In dem Konsortium sind gut 400 Menschen mit Betrieb und Nutzung von Columbus und einer Reihe von europäischen Experimenten in anderen Stationselementen beschäftigt. Ihre Erfahrungen fließen in regelmäßige „Continous Improvement Reports“ ein. Dazu kommen gemeinsame Berichte der Astronauten über ihre Erfahrungen mit Columbus. „Bemängelt einer der Astronauten bestimmte Prozeduren, wird sofort etwas geändert“, so Luttmann. Ergänzt werden diese Berichte durch Untersuchungen von externen Einrichtungen, die etwa die Wasserqualität an Bord von Columbus und der ISS analysieren oder die Managementstrukturen des Konsortiums selbst. Schließlich gibt es regelmäßige Treffen der internationalen Stationspartner zu besonderen Themen, etwa zur IT-Infrastruktur oder der Wasserqualität an Bord.
Zweimal im Jahr berichtet das Konsortium an seinen Auftraggeber, die ESA. Dabei werden die erreichten Ziele mit dem Pflichtenheft der ESA abgeglichen. Hat das Konsortium die gesteckten Ziele erreicht, fließen die ESA-Mittel wie geplant. „Es kann aber auch vorkommen“, so Luttmann, „dass einzelne Ziele nicht erreicht werden.“ Dann kann die ESA Mittel zurückhalten.
Für Luttmann ist dieses Modell des industriellen Managements von Betrieb und Nutzung des europäischen Weltraumlabors Columbus die richtige Lösung: „Es schafft Transparenz bei den Kostenstrukturen.“ Auch die Japaner interessieren sich für das europäische Modell.
Was aber kommt nach Columbus?
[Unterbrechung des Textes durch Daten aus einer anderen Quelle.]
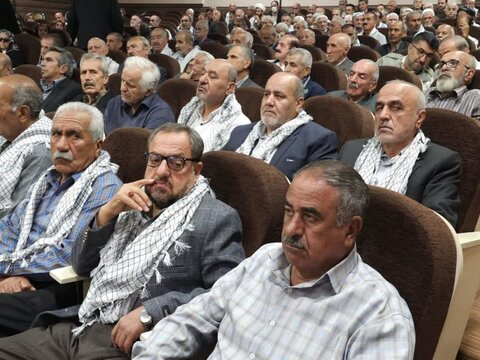 تصاویر/ آیین تجلیل و تکریم از ایثارگران و پیشکسوتان هشت سال دفاع مقدس در سنندج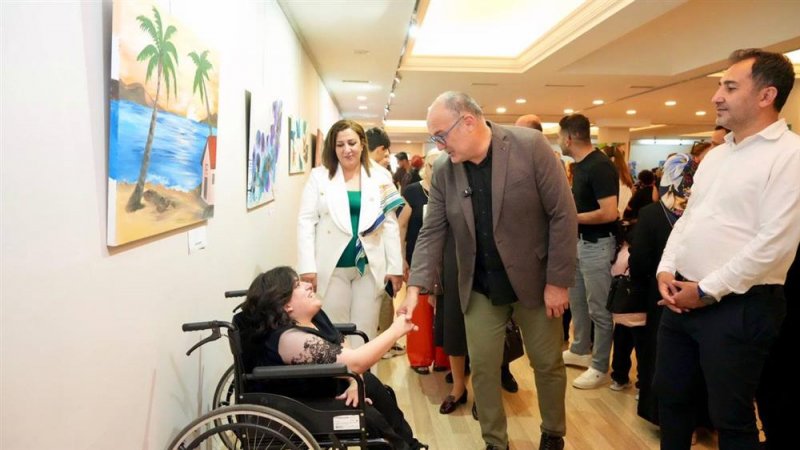 Alanya&rsquo;da engeller sanatla aşıldı: &ldquo;hayalden tuvale&rdquo; sergisi b&uuml;y&uuml;k ilgi g&ouml;rd&uuml;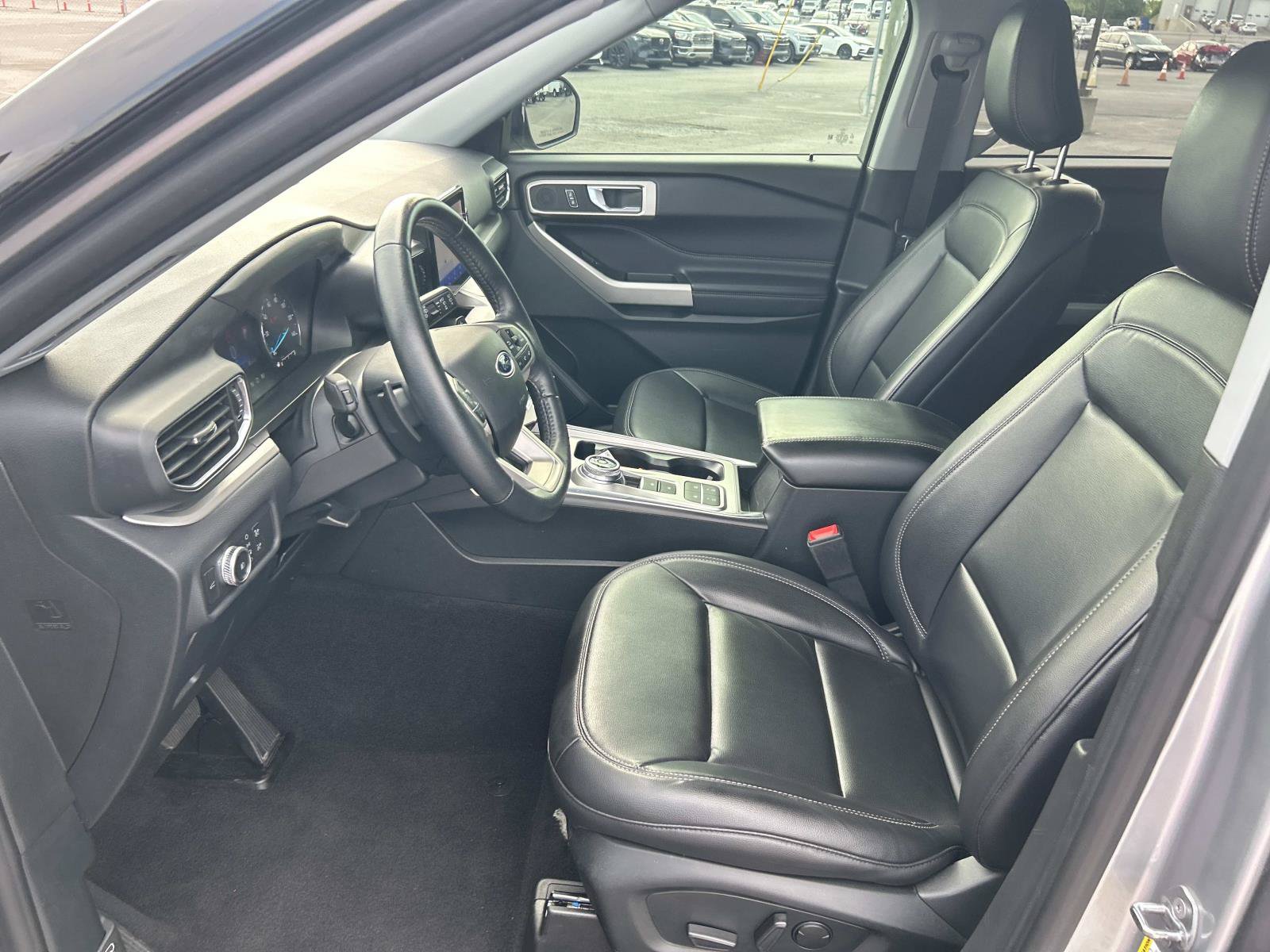 Used 2020 Ford Explorer XLT w/ Equipment Group 202A RWD image 29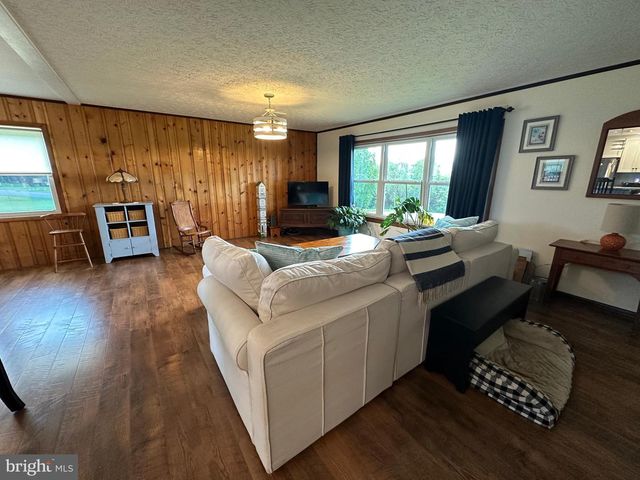 25 KENSINGTON DRIVE, Chambersburg, PA 17201
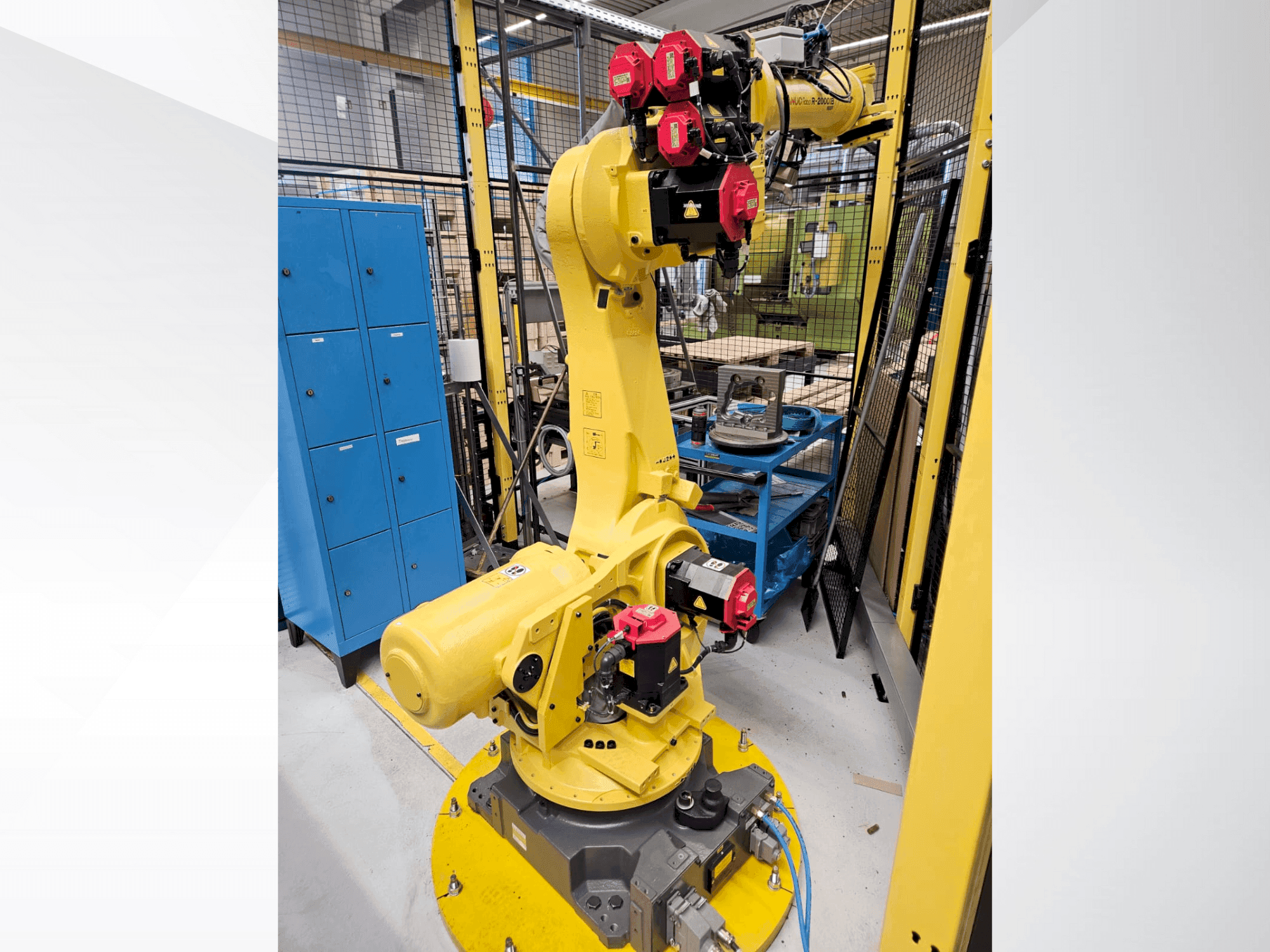 Front view of FANUC R2000iB/165F  machine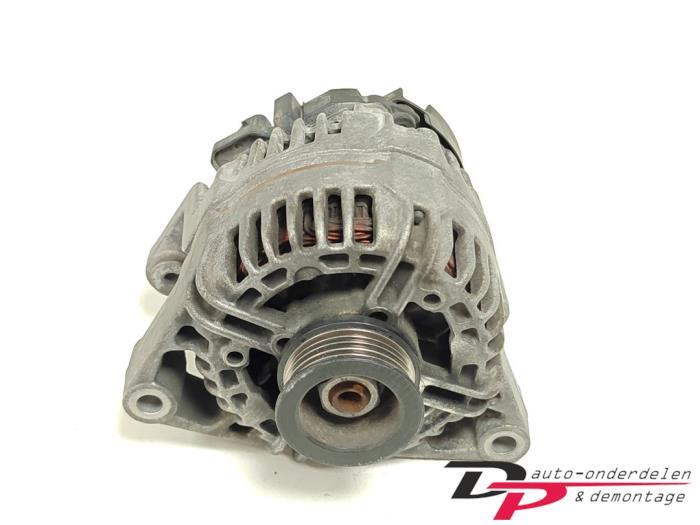 Dynamo van een Opel Corsa, Gebruikt, -, -, Opel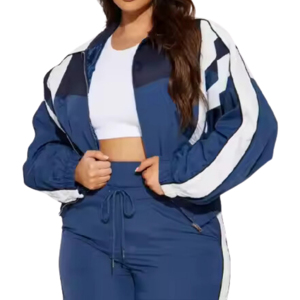 Ensemble survêtement coupe-vent personnalisé pour femme – Veste courte bicolore et pantalon large avec empiècements latéraux – Style sport streetwear – Commande en gros - Product Image 3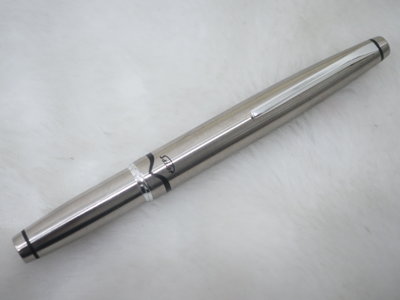 A194 美麗的 寫樂 日本製 全鋼短鋼筆 18k-wg 中細字尖(美麗的全鋼短鋼筆)(9成新)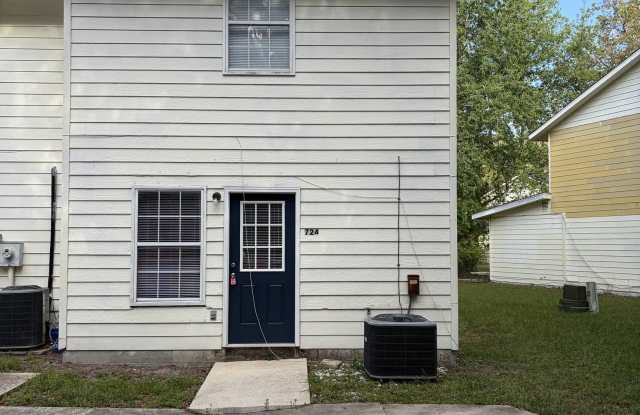 724 Morningside Lane photos photos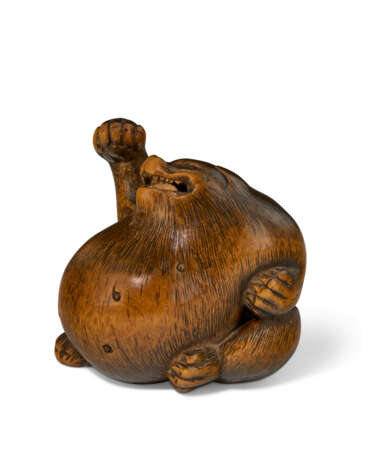 A WOOD CARVED NETSUKE OF A BELLY-DRUM RACOON DOG (TANUKI NO HARATSUZUMI) - фото 4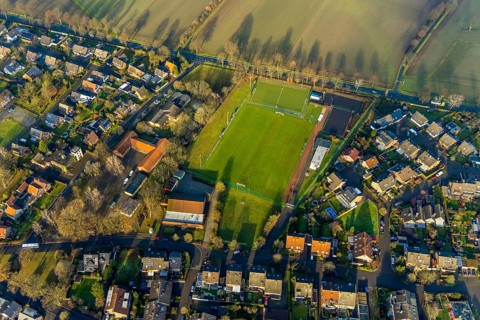 HULLERN 16.12.2020 School building and sports field of the Heideschule Hullern / Flaesheim on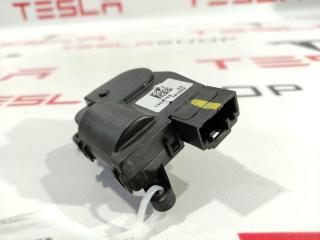 Сервопривод печки салона (печки) Tesla Model 3 1 поколение (2017 - 2025), 1099999-00-H, T90439B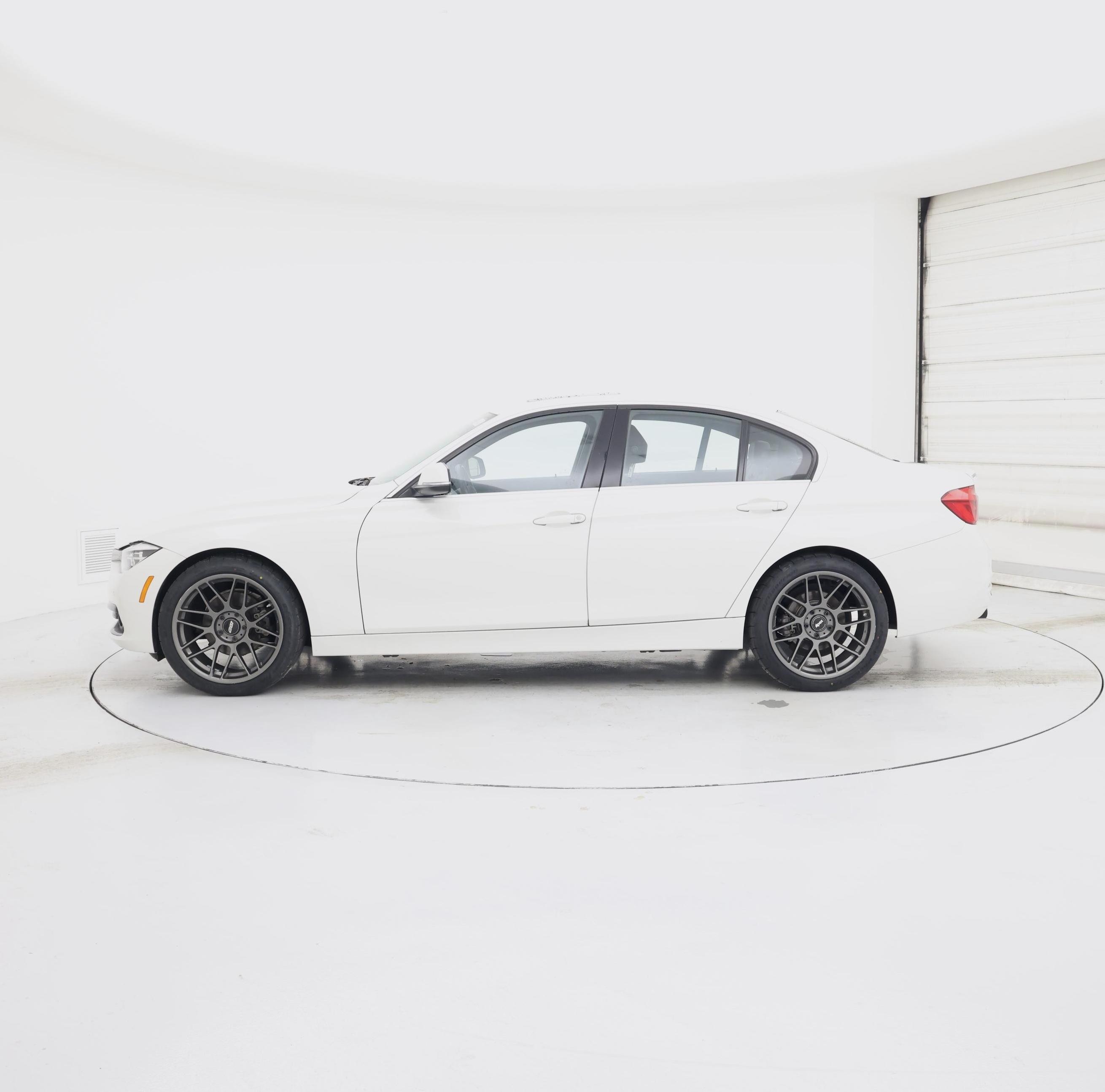 Thumbnail: 2017 BMW 3 Series - 3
Wie es derzeit aussieht, vermutlich: mehr Columbus. Nach einer Untersuchung von Astrium ist es durchaus möglich, das Weltraumlabor noch bis zum Jahr 2028 zu betreiben. „Columbus ist modular aufgebaut, man kann das Innenleben komplett austauschen“, so Luttmann.
Entscheidend, vermutet Thomas Reiter, Ex-Astronaut mit 166 Tagen auf der ISS und Chef des europäischen Raumflugkontrollzentrums ESOC in Darmstadt, aber dürfte sein, „wie sich die Betriebskosten für die Raumstation und Columbus entwickeln“.
Da aber, glaubt Luttmann, „ist noch einiges möglich“. Auch Reiter geht davon aus, „dass das absolute Minimum noch nicht erreicht ist“.
Offen ist aber auch, was sich die wissenschaftliche Community wünscht. Deren Interessen, vermutet Reiter, werden für die Ausgestaltung eines Nachfolgeszenarios für Columbus entscheidend sein.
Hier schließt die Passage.